> What you have to do: Exactly how many lines in the data below contain the string "Ohrstecker"? Give that number and nothing else.

> Entries supplied:
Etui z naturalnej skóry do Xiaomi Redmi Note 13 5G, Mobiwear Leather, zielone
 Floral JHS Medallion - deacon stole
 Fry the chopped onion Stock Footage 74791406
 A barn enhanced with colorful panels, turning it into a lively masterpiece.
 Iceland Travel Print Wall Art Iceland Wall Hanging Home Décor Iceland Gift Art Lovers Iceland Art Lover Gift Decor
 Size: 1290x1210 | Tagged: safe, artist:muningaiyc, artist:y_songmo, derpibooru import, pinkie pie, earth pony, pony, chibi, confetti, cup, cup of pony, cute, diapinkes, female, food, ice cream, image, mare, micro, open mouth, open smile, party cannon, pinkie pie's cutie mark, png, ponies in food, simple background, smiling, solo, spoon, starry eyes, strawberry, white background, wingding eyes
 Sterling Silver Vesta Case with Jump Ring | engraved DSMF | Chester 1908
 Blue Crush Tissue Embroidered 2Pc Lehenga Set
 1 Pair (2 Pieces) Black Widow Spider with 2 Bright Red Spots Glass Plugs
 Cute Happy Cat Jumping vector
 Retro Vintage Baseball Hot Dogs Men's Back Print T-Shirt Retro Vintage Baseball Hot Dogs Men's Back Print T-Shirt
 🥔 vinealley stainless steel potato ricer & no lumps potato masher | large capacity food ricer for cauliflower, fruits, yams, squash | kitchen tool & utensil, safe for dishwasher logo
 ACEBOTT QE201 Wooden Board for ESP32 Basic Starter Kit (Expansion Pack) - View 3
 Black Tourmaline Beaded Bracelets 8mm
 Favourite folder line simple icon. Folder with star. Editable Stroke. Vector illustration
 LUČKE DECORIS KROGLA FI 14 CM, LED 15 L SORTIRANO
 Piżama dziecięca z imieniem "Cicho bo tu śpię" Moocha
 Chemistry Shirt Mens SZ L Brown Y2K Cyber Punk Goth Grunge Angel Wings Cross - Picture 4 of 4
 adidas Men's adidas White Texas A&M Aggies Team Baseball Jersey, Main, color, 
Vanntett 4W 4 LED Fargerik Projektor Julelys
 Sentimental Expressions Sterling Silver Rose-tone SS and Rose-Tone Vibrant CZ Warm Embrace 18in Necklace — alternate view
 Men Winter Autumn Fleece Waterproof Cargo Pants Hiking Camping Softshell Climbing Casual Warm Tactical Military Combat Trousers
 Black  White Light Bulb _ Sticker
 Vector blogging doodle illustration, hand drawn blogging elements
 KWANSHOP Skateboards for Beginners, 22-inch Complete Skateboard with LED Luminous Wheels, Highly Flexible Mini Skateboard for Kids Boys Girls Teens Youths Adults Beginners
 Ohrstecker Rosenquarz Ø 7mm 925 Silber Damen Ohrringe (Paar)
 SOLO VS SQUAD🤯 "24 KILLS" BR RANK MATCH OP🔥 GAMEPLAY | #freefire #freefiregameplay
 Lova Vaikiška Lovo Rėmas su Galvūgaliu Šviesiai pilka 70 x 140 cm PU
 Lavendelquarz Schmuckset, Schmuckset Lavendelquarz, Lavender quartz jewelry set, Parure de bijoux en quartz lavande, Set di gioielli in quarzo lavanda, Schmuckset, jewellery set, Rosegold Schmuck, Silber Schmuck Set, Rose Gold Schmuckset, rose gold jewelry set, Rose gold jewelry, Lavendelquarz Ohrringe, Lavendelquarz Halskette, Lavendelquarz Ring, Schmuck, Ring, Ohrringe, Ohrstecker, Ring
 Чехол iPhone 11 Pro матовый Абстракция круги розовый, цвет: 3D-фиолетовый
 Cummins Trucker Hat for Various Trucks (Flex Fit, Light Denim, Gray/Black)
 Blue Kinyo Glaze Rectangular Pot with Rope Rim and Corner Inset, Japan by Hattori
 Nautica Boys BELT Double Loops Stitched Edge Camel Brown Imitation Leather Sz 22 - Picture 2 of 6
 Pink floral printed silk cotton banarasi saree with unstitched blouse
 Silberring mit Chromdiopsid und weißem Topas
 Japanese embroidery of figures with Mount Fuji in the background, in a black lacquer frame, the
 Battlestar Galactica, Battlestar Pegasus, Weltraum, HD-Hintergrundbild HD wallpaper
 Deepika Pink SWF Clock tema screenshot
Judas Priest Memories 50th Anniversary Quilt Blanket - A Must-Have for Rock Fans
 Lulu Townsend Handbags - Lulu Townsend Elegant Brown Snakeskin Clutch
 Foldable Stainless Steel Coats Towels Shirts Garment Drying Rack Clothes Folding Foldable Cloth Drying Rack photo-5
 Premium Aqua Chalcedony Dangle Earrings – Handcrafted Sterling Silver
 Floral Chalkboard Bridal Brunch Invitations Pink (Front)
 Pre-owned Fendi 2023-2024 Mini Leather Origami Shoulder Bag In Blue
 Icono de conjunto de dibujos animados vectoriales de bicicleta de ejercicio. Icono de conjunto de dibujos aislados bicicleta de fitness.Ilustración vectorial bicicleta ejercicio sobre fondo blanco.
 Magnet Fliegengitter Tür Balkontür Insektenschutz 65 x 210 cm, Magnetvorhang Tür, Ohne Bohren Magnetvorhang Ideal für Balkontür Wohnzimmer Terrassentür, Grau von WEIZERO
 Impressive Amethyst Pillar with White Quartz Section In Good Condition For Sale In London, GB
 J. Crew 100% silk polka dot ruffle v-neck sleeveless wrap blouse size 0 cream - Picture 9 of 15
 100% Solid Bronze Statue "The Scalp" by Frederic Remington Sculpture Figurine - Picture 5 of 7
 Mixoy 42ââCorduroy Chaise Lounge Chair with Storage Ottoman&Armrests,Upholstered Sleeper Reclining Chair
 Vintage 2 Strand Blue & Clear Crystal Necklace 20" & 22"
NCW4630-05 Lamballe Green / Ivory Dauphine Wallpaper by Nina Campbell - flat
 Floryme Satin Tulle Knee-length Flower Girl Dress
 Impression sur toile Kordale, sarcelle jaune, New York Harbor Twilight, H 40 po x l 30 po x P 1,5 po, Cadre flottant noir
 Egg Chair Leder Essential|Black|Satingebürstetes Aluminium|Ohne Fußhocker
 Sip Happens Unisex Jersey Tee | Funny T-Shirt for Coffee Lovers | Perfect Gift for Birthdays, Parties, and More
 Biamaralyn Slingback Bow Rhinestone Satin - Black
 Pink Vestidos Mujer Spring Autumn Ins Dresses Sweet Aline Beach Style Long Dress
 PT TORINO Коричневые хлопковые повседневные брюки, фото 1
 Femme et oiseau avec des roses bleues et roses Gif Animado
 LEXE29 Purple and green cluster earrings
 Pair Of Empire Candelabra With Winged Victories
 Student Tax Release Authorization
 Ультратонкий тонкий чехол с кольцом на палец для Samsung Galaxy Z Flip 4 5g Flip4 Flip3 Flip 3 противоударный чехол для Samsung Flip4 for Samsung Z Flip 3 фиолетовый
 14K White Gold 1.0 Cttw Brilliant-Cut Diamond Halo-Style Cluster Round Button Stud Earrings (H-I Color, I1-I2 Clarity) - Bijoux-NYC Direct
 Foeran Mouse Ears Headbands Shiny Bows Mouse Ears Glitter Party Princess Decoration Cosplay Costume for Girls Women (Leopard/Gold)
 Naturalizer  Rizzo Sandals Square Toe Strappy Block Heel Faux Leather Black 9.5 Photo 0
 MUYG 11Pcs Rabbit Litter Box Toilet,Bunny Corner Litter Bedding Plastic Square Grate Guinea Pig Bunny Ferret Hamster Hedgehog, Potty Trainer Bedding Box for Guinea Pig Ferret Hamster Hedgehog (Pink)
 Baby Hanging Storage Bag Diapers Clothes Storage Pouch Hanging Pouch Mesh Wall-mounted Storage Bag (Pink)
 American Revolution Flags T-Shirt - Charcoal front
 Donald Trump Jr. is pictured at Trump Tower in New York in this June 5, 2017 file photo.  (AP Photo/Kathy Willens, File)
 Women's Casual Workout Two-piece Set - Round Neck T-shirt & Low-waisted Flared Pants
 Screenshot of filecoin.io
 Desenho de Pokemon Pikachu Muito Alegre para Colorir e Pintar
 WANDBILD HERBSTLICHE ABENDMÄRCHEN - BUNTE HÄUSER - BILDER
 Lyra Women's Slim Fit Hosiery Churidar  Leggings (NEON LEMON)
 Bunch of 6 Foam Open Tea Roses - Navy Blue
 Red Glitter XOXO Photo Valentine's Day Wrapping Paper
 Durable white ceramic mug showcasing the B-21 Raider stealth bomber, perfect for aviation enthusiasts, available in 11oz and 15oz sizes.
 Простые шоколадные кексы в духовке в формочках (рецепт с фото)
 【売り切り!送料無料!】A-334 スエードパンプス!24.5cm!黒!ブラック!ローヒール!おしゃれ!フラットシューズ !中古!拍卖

> Answer box: 2